The second important effect will be savings from the consolidation of central services (e.g., supplies, accounts receivable management, economic services, internal control, etc.), as well as information services (a switch to an optimised system between the two banks). There will be a reduction in the number of employees of the new group. In Greece, it will examine its market presence in order to streamline it, which will lead to a merger of the two banks' subsidiaries, which have similar operations, and a reduced number of staff. Similar processes will also occur on the markets in Southeast Europe. Of the 1,080 branches of the two banks in neighbouring countries, about 25% will be closed in Bulgaria, Romania, Serbia and Cyprus, where both banks are represented. A special working group of senior executives of the two banks will be established that will guide the successful integration of the two banks into one group.
As regards the management of the National Bank's new group, George Zanias and Alexandros Tourkoulias are expected to remain president and CEO of the new group, respectively. The composition of the executive committee, as well as the choice of the other top posts in the new structure, will be based on the principle "both banks' best ones."

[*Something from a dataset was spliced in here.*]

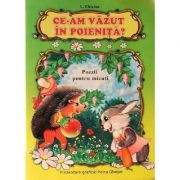 Ce-am vazut in poienita? - l. chiciuc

The acceptance period of Eurobank's public offer, submitted by the National Bank, is from 11 January until 15 February. The results will be announced within two days after its completion, and new shareholders' negotiations will begin on 27 February. The public offer of the National Bank stipulates the exchange of 58 shares of the National Bank for every 100 shares of Eurobank. It is noted that Eurobank's shareholders, owning 43.6% of the right to vote, are bound to make their shares available. As of 11 January 2013, during the period of acceptance of the offer, the public newsletter and declarations of acceptance of the public offer will be distributed free of charge on weekdays in all branches of the National Bank of Greece.
In a statement, Eurobank Ergasias said that the Board of the bank, after having considered the conditions of the National Bank's public offer to its shareholders, discussed the proposal at a meeting. Taking into account the content of the National Bank's information bulletin, reports by advisers of Eurobank - Deutsche Bank AG, London Branch and Goldman Sachs International, as well as the opinion of the group's investment bank, Barclays Bank PLC, the Management Board of Eurobank decided that the proposed swap meets legislative requirements, as well as the Committee on Capital Markets' remark of 19 December 2008. Furthermore, the proposal is fair, from a financial point of view, and consistent with internationally recognised exchange methodologies.

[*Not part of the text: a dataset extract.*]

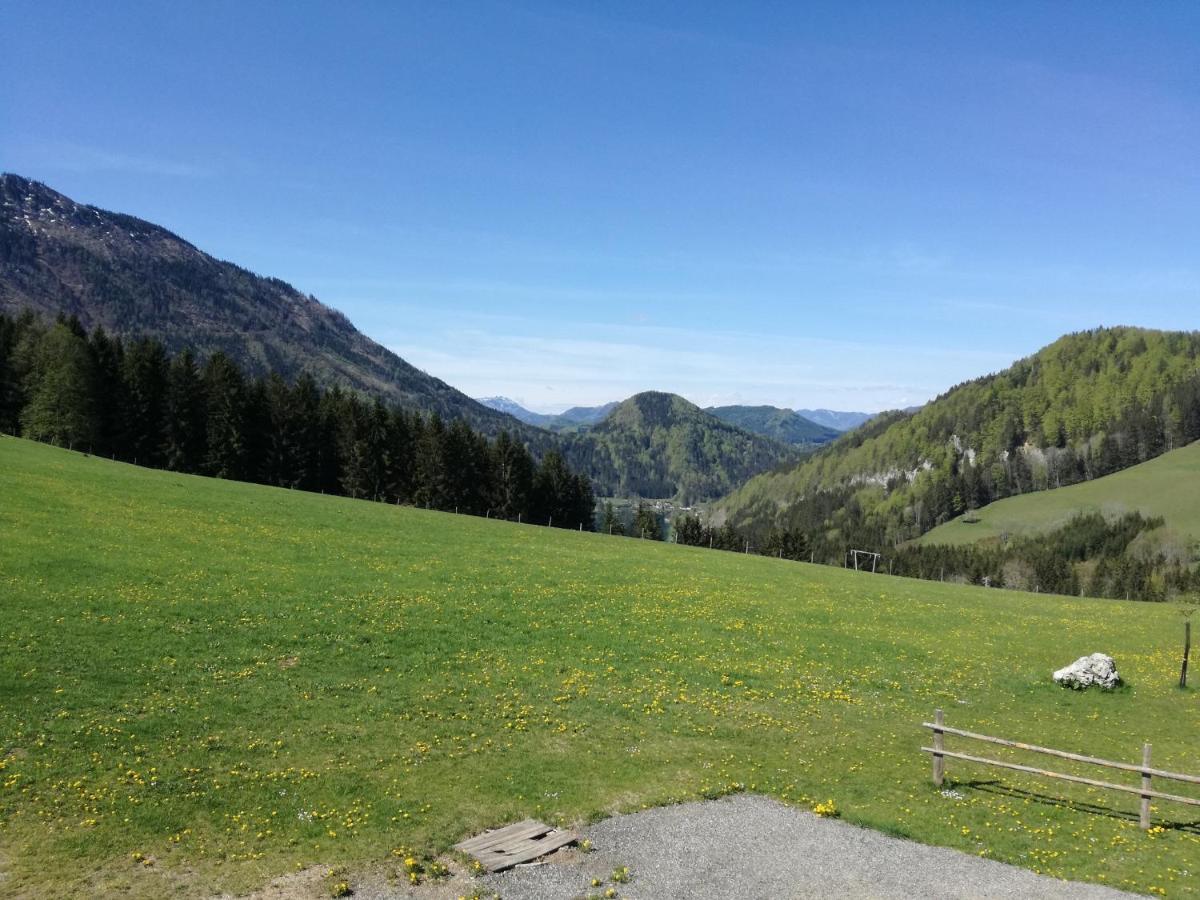 Bio Bauernhof Moas *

According to the Board of Eurobank, the public offer allows shareholders to become shareholders of an enlarged group, with a significant presence in most countries of Southeast Europe. They will also benefit from the earnings that are expected to be derived from the merger. The statement also said that the creation of the new group will allow for the optimisation of the strengths of both organisations, especially the number of employees, so that the experience and abilities of all be evaluated. All efforts will be made so that these upcoming changes have the least possible social implications.